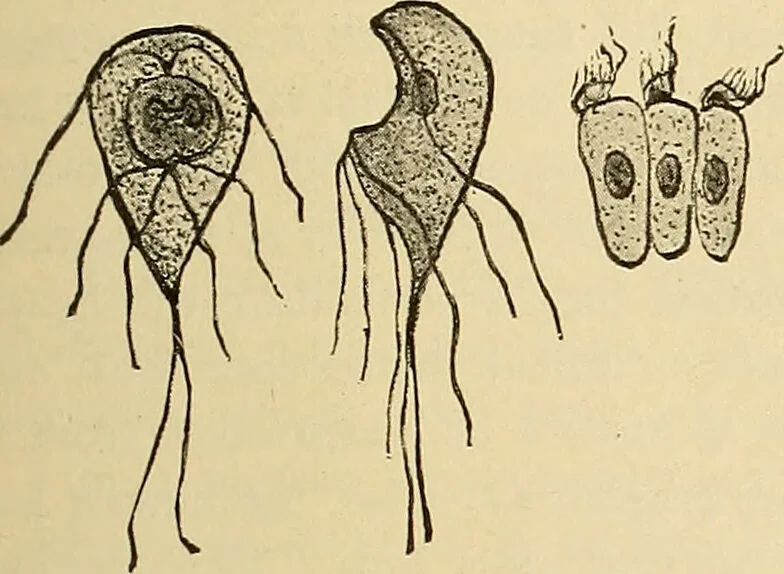An illustration from Diagnostic methods, chemical, bacteriological and microscopical : a text-book for students and practitioners / by Ralph W. Webster ; with 37 colored plates and 164 other illustrations., 1909, leaf 179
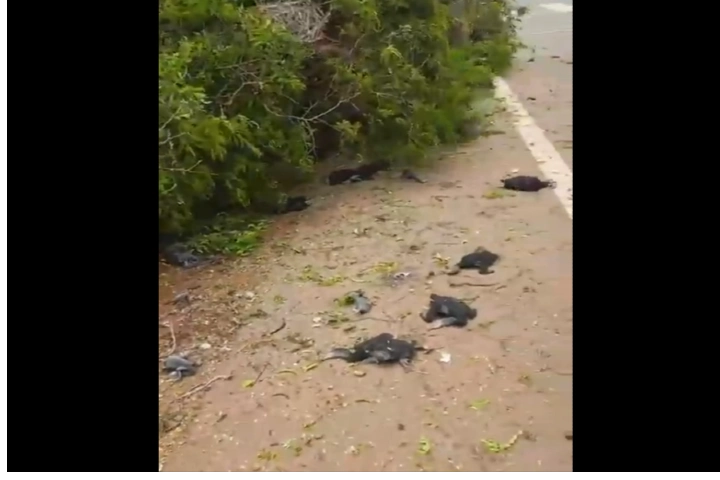 Viral video: Felling of tree crushes hundreds of birds to death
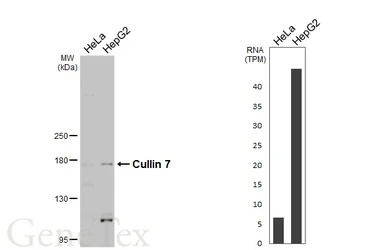Anti-Cullin 7 antibody [C2C3], C-term used in Western Blot (WB). GTX113906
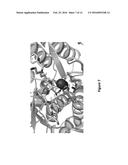 SYSTEMS AND METHODS FOR EVOLVING ENZYMES WITH DESIRED ACTIVITIES diagram and image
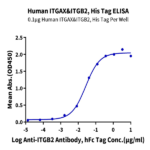 Human Integrin alpha X beta 2 (ITGAX&ITGB2) Heterodimer Protein (ITG-HM1XB)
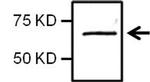 NFkB p65 Antibody in Western Blot (WB)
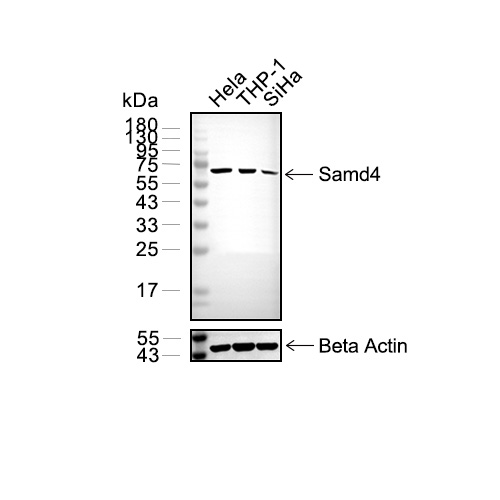 Smad4抗体 (YA074),Smad4 Antibody (YA074)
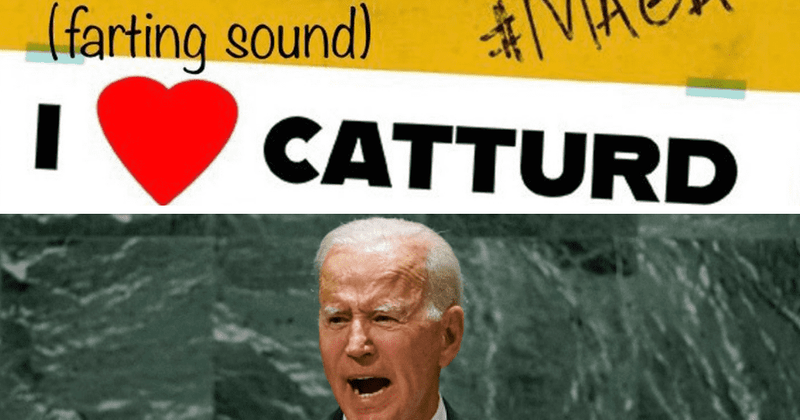 Is Catturd responsible for 'Poopy Pants Biden' viral trend? Twitter account owns up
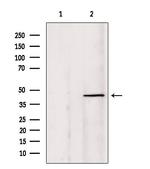 PIAS1 Antibody in Western Blot (WB)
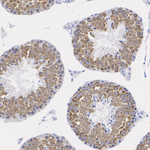 DDX4 Antibody in Immunohistochemistry (Paraffin) (IHC (P))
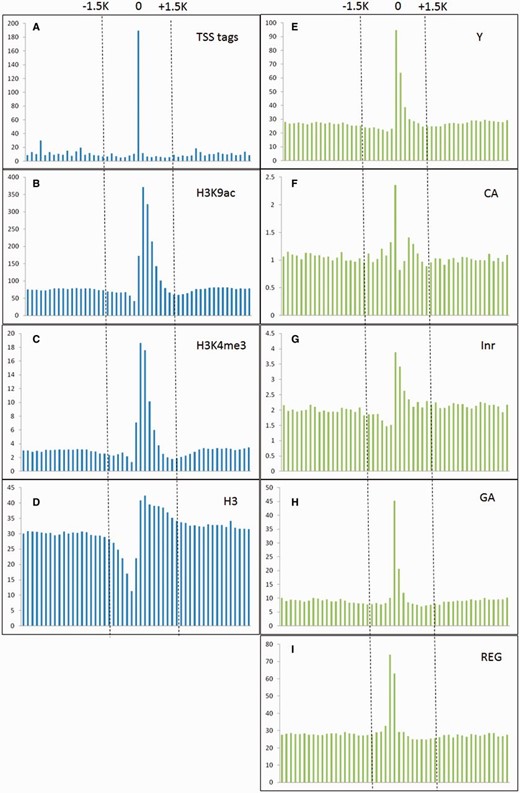 TSS tags, histone modification of H3K9ac and H3K4me3, and core promoter motifs (Y patch, CA, Inr, GA and REG) are enriched around experimentally verified TSSs, whereas nucleosome H3 are declined. The vertical and horizontal axis represent the accumulative number of each feature (X 1000 ) and genomic location (from −5 to +5 kb relative to experimentally verified TSSs, window size = 200 bp) representatively.
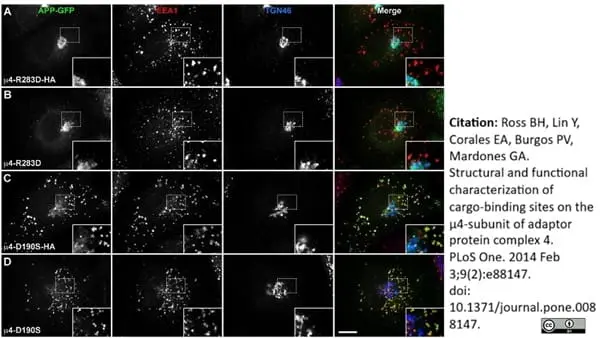 Sheep Anti Human TGN46 Antibody  gallery image 31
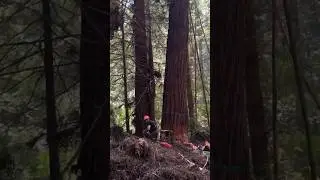 Jungle time #ytshorts #wood #shortsfeed #tree #stihl #ytshorts #viral #chainsaw #chainsawman #yt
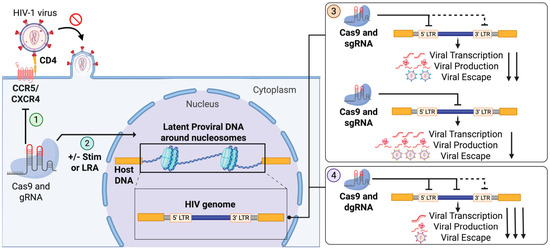 CRISPR/Cas9-Based Genome Editing: Understanding Differences in DNA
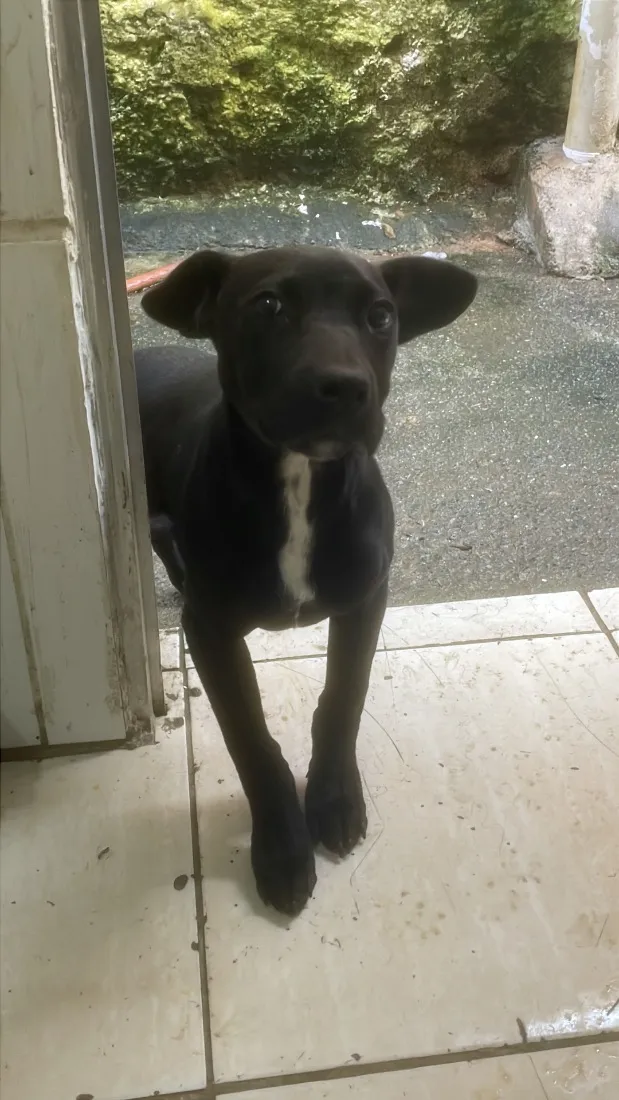 Cachorro raça SRD-ViraLata idade 2 a 6 meses nome Brisa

========

Problem description: Reproduce the data above exactly, but only from the line containing "Viral video: Felling" through the line containing "Smad4抗体 (YA074),Smad4 Antibody (YA074)"; skip the pictures.

Answer to this problem:
 Viral video: Felling of tree crushes hundreds of birds to death
Anti-Cullin 7 antibody [C2C3], C-term used in Western Blot (WB). GTX113906
 SYSTEMS AND METHODS FOR EVOLVING ENZYMES WITH DESIRED ACTIVITIES diagram and image
 Human Integrin alpha X beta 2 (ITGAX&ITGB2) Heterodimer Protein (ITG-HM1XB)
 NFkB p65 Antibody in Western Blot (WB)
 Smad4抗体 (YA074),Smad4 Antibody (YA074)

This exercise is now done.